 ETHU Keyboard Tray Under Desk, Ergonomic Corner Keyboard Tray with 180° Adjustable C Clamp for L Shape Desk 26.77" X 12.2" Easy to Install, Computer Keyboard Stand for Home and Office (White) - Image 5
--
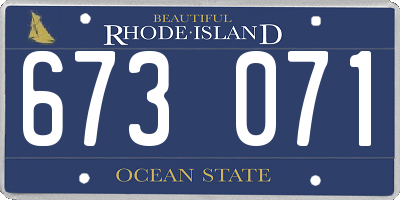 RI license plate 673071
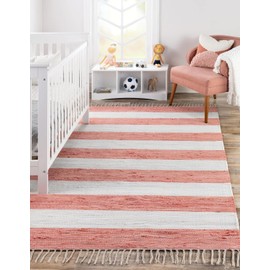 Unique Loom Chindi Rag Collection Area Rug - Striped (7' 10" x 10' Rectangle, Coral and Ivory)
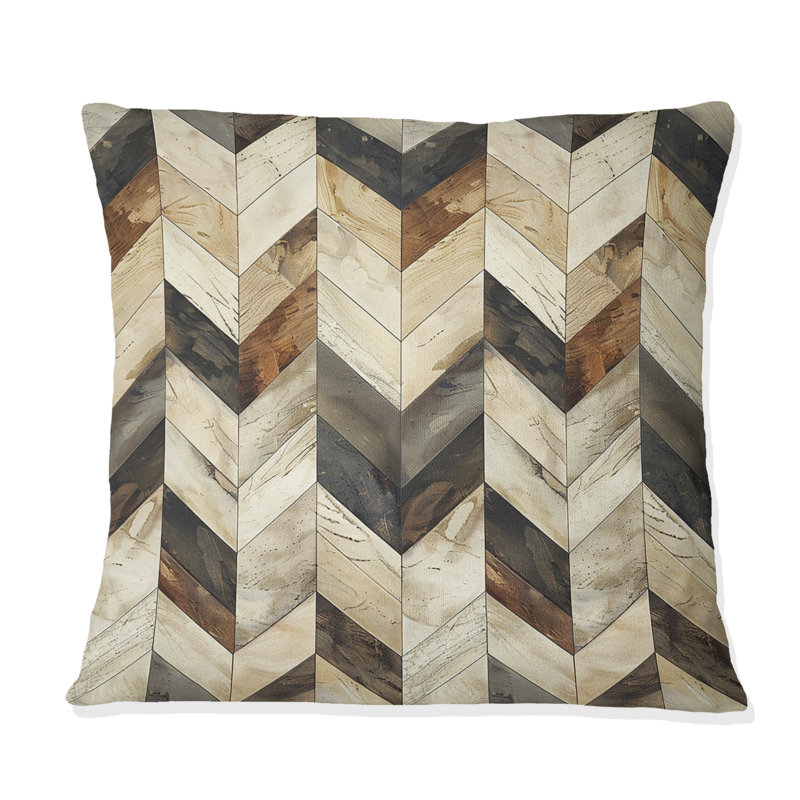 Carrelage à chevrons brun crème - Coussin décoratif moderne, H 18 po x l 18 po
--
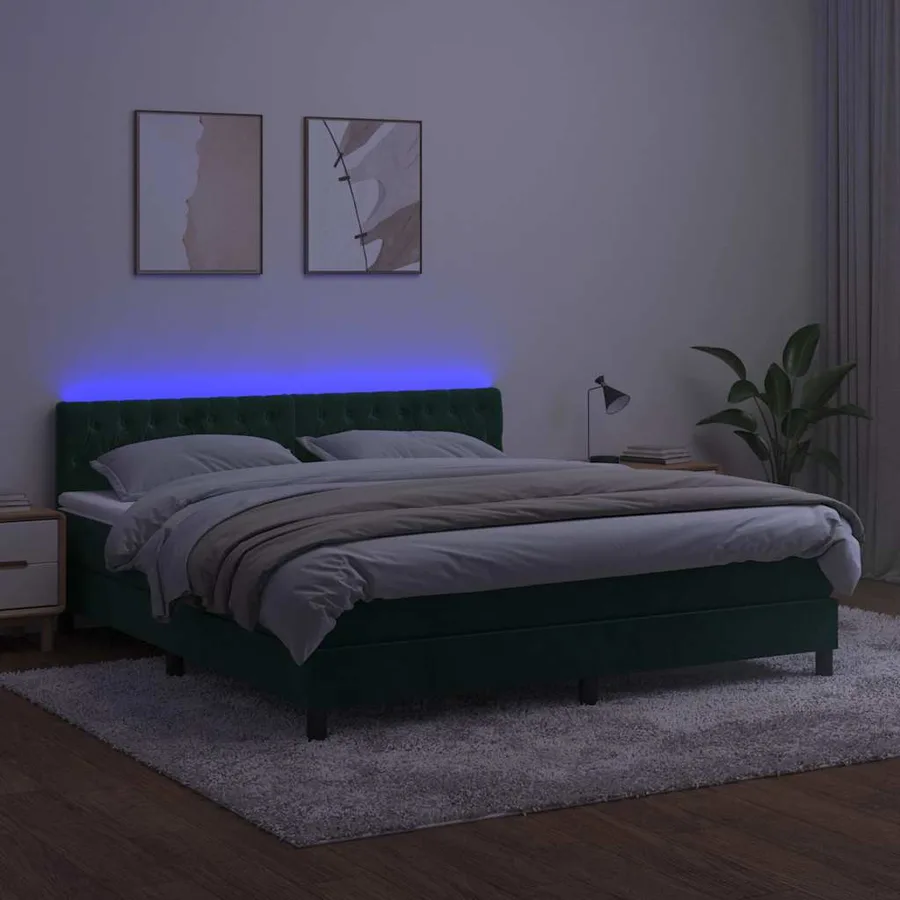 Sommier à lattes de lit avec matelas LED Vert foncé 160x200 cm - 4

*TASK STATEMENT*: When copying from the data above, begin at the line containing "Unique Loom Chindi" and end at the line containing "Carrelage à chevrons"; return those lines exactly and leave all pictures behind.

*RESPONSE FOR THIS EXERCISE*:
 Unique Loom Chindi Rag Collection Area Rug - Striped (7' 10" x 10' Rectangle, Coral and Ivory)
 Carrelage à chevrons brun crème - Coussin décoratif moderne, H 18 po x l 18 po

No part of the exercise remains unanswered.